Kamu gak tau dia tau atau gak
Maunya kamu dia tau
Jangankan dia tau
Karena kamu gak memberi tau
Jangan salahkan kalau dia gak tau
Sungguh kamu sok tau
Menilai dia gak mau tau
Padahal kamu setengah mati mau tau
Tau apa dia mau kamu
Maunya kamu sama-sama tau
Kalau dia dan kamu
Sama-sama mau



*Inspired from Mr. Ego and Mrs. Unconfident. (Yeah babyyy!)

Saturday, March 19, 2005

Wanita yang paling kucintai itu hadiah dari surga

Suatu ketika, ada seorang anak laki-laki yang bertanya kepada ibunya. "Ibu, mengapa Ibu menangis?". Ibunya menjawab, "Sebab, Ibu adalah seorang wanita, Nak". "Aku tak mengerti" kata si anak lagi. Ibunya hanya tersenyum dan memeluknya erat. "Nak, kamu memang tak akan pernah mengerti...."Kemudian, anak itu bertanya pada ayahnya. "Ayah, mengapa Ibu menangis? Sepertinya Ibu menangis tanpa ada sebab yang jelas? "Sang ayah menjawab, "Semua wanita memang menangis tanpa ada alasan."Hanya itu jawaban yang bisa diberikan ayahnya.

Lama kemudian, si anak itu tumbuh menjadi remaja dan tetap bertanya- tanya, mengapa wanita menangis. Pada suatu malam, ia bermimpi dan bertanya kepada Tuhan. "Ya Allah, mengapa wanita mudah sekali menangis?"

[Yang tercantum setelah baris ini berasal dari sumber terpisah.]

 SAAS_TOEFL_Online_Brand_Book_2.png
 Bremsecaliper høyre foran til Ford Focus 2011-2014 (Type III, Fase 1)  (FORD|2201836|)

Dalam mimpinya, Tuhan menjawab, "Saat Kuciptakan wanita, Aku membuatnya menjadi sangat utama. Kuciptakan bahunya, agar mampu menahan seluruh beban dunia dan isinya, walaupun juga, bahu itu harus cukup nyaman dan lembut untuk menahan kepala bayi yang sedang tertidur.
Kuberikan wanita kekuatan untuk dapat melahirkan, dan mengeluarkan bayi dari rahimnya, walau, seringkali pula, ia kerap berulangkali menerima cerca dari anaknya itu.
Kuberikan keperkasaan, yang akan membuatnya tetap bertahan, pantang menyerah, saat semua orang sudah putus asa.
Pada wanita, Kuberikan kesabaran, untuk merawat keluarganya, walau letih, walau sakit, walau lelah, tanpa berkeluh kesah.
Kuberikan wanita, perasaan peka dan kasih sayang, untuk mencintai semua anaknya, dalam kondisi apapun, dan dalam situasi apapun. Walau, tak jarang anak-anaknya itu melukai perasaannya, melukai hatinya. Perasaan ini pula yang akan memberikan kehangatan pada bayi-bayi yang terkantuk menahan lelap. Sentuhan inilah yang akan memberikan kenyamanan saat didekap dengan lembut olehnya.
Kuberikan wanita kekuatan untuk membimbing suaminya, melalui masa- masa sulit, dan menjadi pelindung baginya. Sebab, bukankah tulang rusuklah yang melindungi setiap hati dan jantung agar tak terkoyak?
Kuberikan kepadanya kebijaksanaan, dan kemampuan untuk memberikan pengertian dan menyadarkan, bahwa suami yang baik adalah yang tak pernah melukai istrinya. Walau, seringkali pula, kebijaksanaan itu akan menguji setiap kesetiaan yang diberikan kepada suami, agar tetap berdiri, sejajar, saling melengkapi, dan saling menyayangi.
Dan, akhirnya, Kuberikan ia air mata agar dapat mencurahkan perasaannya. Inilah yang khusus Kuberikan kepada wanita, agar dapat digunakan kapanpun ia inginkan. Hanya inilah kelemahan yang dimiliki wanita, walaupun sebenarnya, air mata ini adalah air mata kehidupan".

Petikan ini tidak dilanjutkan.